El Congreso supo colmar con creces la vanidad del caudillo, cada día más engreído de evidenciar la obsecuencia y la sumisión de la cohorte de sus servidores. Gustaba Santa Cruz de estos homenajes y no ocultaba su complacencia al ver que su esfuerzo había alcanzado la recompensa de los pueblos agradecidos, fanáticos en sus manifestaciones de idolatría y ciegos también en sus explosiones de odio o de venganza.

EN LAS HORAS DE LA CAlDA...

Pero los tiempos cambian. Efímero es el éxito y el poder dura poco, especialmente en esta tierra boliviana en la que es tan fácil "levantarse por la mañana de simple particular y acostarse por la noche de Presidente", cual lo diría el pundonoroso General Camacho. Cayó Santa Cruz barrido por la traición y por los intereses confabulados. Su poder extraordinario se trizó en mil pedazos. De su omnipotencia no quedó nada más que el recuerdo de sus grandezas y de sus triunfos, esfumados por la trágica realidad. Y forzado por los acontecimientos, emprendió el camino de la proscripción. 
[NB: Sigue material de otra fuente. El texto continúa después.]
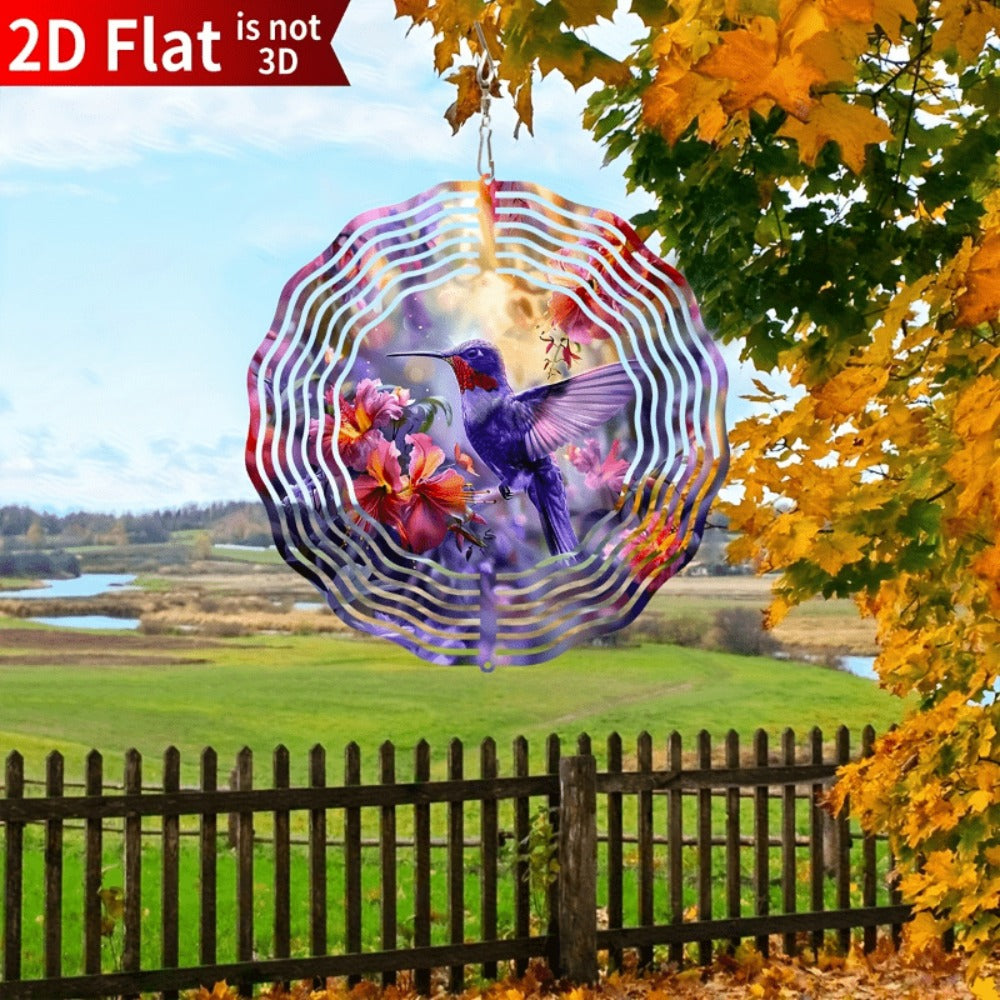 Ten-Inch Hummingbird Garden Wind Spinner with Flat Kinetic Metal Design and Multicolor Floral Artwork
El desfile interminable de los días amargos lacera su alma. Acostumbrado a la reverencia de los pueblos y de los hombres, no puede resignarse a ese crepúsculo de angustia y de soledad. El poder le fascina, no tanto por el ansia de mandar como por las grandes hazañas a que cree estar destinado. Quiere sobreponerse a la inercia, ese veneno letal que atormenta a los hombres de acción. Proyecta, discurre, medita, se pierde en el dédalo de combinaciones y planes, crueles insomnios de su vida de proscrito. Ingresa en una actividad febril: imparte instrucciones a sus partidarios, les incita a la acción, trabaja febrilmente urdiendo los más audaces proyectos y tejiendo los hilos de la conspiración. Lo prevé y calcula todo. Ningún resquicio, ningún detalle ha sido olvidado. Sólo falta el día de la decisión y otra vez a montar ese corcel magnífico de la victoria que le llevará por el camino radiante de la gloria.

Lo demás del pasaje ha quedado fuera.